16/12/2025
¡La luz es hermosa!
La luz: un puente entre la sabiduría espiritual y la ciencia moderna.
La luz siempre ha tenido un significado especial en las tradiciones espirituales de todo el mundo. Ya se trate de la luz exterior, la que vemos cada día, o de la luz interior, la que encontramos en estados meditativos, la noción de luz es más que una simple metáfora. Es una experiencia vivida que nos conecta con una sabiduría y un bienestar más profundos.
En la tradición Dzogchen, la luz es una puerta hacia la luminosidad interior. Y curiosamente, la ciencia moderna está confirmando ahora lo que la sabiduría antigua ha enseñado durante mucho tiempo: que la luz influye profundamente en nuestra salud física y mental.
Por ejemplo, los estudios han demostrado que durante la pandemia de COVID-19, las personas con niveles más altos de vitamina D, que a menudo se mantienen con la exposición suficiente a la luz solar, tendían a tener resultados menos graves. Eran menos propensas a ser hospitalizadas o a morir por el virus en comparación con aquellas con niveles bajos de vitamina D.
No se trata solo de enfermedades. En un conocido estudio, los pacientes hospitalizados con vistas a una ventana se recuperaron aproximadamente un 8,5 % más rápido (abandonando el hospital aproximadamente tres cuartos de día antes) en comparación con aquellos que no tenían luz natural. Los trabajadores de oficina cerca de las ventanas informaron de una reducción del 84 % en la fatiga visual y los dolores de cabeza, y fueron significativamente más productivos. Y en las regiones del norte, con poca luz solar en invierno, el trastorno afectivo estacional (TAE) puede afectar al 10-20 % de la población, lo que demuestra lo crucial que es la luz para el bienestar mental.
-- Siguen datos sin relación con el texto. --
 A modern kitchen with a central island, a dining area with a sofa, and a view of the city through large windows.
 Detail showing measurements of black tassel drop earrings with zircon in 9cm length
El Dr. Roger Seheult cuenta una hermosa historia que pone de relieve esta conexión. Habla de un niño con leucemia al que se le daba por mu**to y que simplemente deseaba ver la luz del sol por última vez. Una vez fuera, al sentir la luz natural, su estado mejoró y vivió mucho más tiempo de lo esperado. Esta historia nos recuerda la profunda conexión que tenemos con la luz, no solo físicamente, sino también espiritualmente.
Desde la perspectiva del Dzogchen, mi maestro, Yongdzin Rinpoche, que vivió más de 100 años, compartió antes de fallecer que no sentía ningún dolor físico y que se encontraba en completa paz, inseparable de la sabiduría que surge por sí misma —rangjung yeshe—, la luminosidad interior. Esta luz interior es nuestra verdadera naturaleza, y en el Dzogchen aprendemos a reconocerla.
También reconocemos cuatro tipos de luz clara: la luz clara natural del mundo exterior, la luz clara meditativa que se experimenta en la meditación profunda, la luz clara del dormir y la luz clara del bardo después de la muerte. La importancia de estos cuatro tipos de luz clara radica en que los tres primeros nos preparan para experimentar la luz clara durante el proceso de la muerte.
En mi rutina personal, me levanto cuando aún es de noche específicamente para experimentar el amanecer y dar la bienvenida a la luz de la mañana. Esto me ayuda a establecer mi ritmo circadiano temprano, lo que aumenta mi necesidad de dormir a lo largo del día, de modo que a las 8:30 o 9 de la noche estoy completamente listo para irme a la cama. Si me levanto más tarde y me expongo a la luz solar mucho más tarde, mi necesidad de dormir no es tan fuerte a la hora de acostarme.
Esto se debe a que nuestro cerebro tiene un reloj maestro, el núcleo supraquiasmático, que está regulado por la luz. Ese reloj maestro sincroniza todos los demás relojes de nuestros órganos y células. Así que, al recibir la luz de la mañana temprano, estoy alineando todos estos relojes internos, lo que ayuda a todo mi cuerpo a mantener el ritmo.
De esta manera, reconocer y trabajar con la luz, tanto externa como interna, es una forma de alinear nuestras vidas con ritmos más profundos. Y, en última instancia, estas prácticas nos ayudan a prepararnos para esa luz clara final al final de la vida.